Demek ki adalet yalnızca mahkeme salonlarının meselesi değil, toplumsal ruh halinin tam kalbine oturmuş bir ihtiyaç. Kahramanlık bile adaletle tanımlanıyorsa, bu ülkenin en büyük açığının, toplumun en derin yarasının nerede olduğunu daha nasıl anlatabiliriz ki? Kahramanlık, olağanüstü cesaretten ya da fiziksel güçten değil, en sıradan hakkın -adaletin-artık olağan sayılmadığı bir toplumda yeniden tesis edilmesinden ibaret hale geliyor.

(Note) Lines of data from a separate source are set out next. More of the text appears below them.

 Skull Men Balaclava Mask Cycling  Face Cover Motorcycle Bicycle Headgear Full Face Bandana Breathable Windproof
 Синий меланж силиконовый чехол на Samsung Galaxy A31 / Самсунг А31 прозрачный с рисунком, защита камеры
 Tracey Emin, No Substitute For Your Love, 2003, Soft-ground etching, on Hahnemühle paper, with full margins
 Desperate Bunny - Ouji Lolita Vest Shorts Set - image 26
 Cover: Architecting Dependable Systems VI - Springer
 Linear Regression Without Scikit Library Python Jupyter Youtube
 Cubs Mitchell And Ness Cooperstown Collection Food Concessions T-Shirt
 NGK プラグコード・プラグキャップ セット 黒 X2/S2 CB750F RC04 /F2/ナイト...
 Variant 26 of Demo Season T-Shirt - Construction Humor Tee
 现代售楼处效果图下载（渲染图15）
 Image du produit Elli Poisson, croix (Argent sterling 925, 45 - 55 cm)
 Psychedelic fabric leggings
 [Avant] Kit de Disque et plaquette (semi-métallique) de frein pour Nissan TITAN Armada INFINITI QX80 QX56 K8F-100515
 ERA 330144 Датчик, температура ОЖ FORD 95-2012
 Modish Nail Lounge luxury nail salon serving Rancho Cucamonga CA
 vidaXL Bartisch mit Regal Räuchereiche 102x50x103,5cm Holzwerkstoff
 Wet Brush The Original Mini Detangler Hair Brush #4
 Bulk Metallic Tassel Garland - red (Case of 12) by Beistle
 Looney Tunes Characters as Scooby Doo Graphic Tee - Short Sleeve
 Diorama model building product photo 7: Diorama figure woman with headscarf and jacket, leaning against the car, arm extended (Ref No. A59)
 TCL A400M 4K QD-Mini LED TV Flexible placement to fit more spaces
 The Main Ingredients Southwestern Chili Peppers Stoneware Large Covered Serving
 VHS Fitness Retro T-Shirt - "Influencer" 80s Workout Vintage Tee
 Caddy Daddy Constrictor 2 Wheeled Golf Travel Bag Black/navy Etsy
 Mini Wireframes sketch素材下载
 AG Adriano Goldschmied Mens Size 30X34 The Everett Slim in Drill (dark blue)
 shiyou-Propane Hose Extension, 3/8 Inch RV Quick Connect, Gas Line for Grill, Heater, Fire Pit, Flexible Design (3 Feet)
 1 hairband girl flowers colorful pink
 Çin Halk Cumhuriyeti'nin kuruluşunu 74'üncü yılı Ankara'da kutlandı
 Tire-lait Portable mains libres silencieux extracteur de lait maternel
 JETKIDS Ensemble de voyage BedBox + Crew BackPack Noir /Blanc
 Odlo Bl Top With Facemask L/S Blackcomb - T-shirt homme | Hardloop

“Sizce Türkiye’nin lideri için en uygun liderlik tarzı aşağıdakilerden hangisidir?” sorusuna, toplumun yüzde 37’si “koruyan, destek olan, toplumsal refahı önceleyen”, yüzde 19’u “bilgiye, analiz ve akla dayanarak yön veren”, yüzde 16’sı “düzen kuran, otorite ve sorumluluk alan” cevabı veriyor.
Toplumun yüzde 67’si geçmişe kıyasla bugün kahramanlara daha fazla, yüzde 23’ü geçmişle benzer, yüzde 10’u da daha az ihtiyaç olduğunu söylüyor. Bu oran gençler, kadınlar ve muhalif seçmenlerde daha da yüksek.
Toplum, bireysel çaresizlikten çıkış yolunu “kahraman” metaforunda arıyor. Bugünün Türkiye’sinde kahraman talebi aslında bir “adalet ve güven krizi”nin yansıması. İnsanlar kendilerini yalnız, kırılgan ve korumasız hissediyor. Kahraman figürü, bu kırılganlıkta adalet dağıtan, umut veren ve güven inşa eden bir rol olarak tahayyül ediliyor. Bu durum, siyasetin de hayatın içindeki tüm aktörlerin de meşruiyetini nereden devşireceğini işaret ediyor; adalet, güven ve umut yaratmak.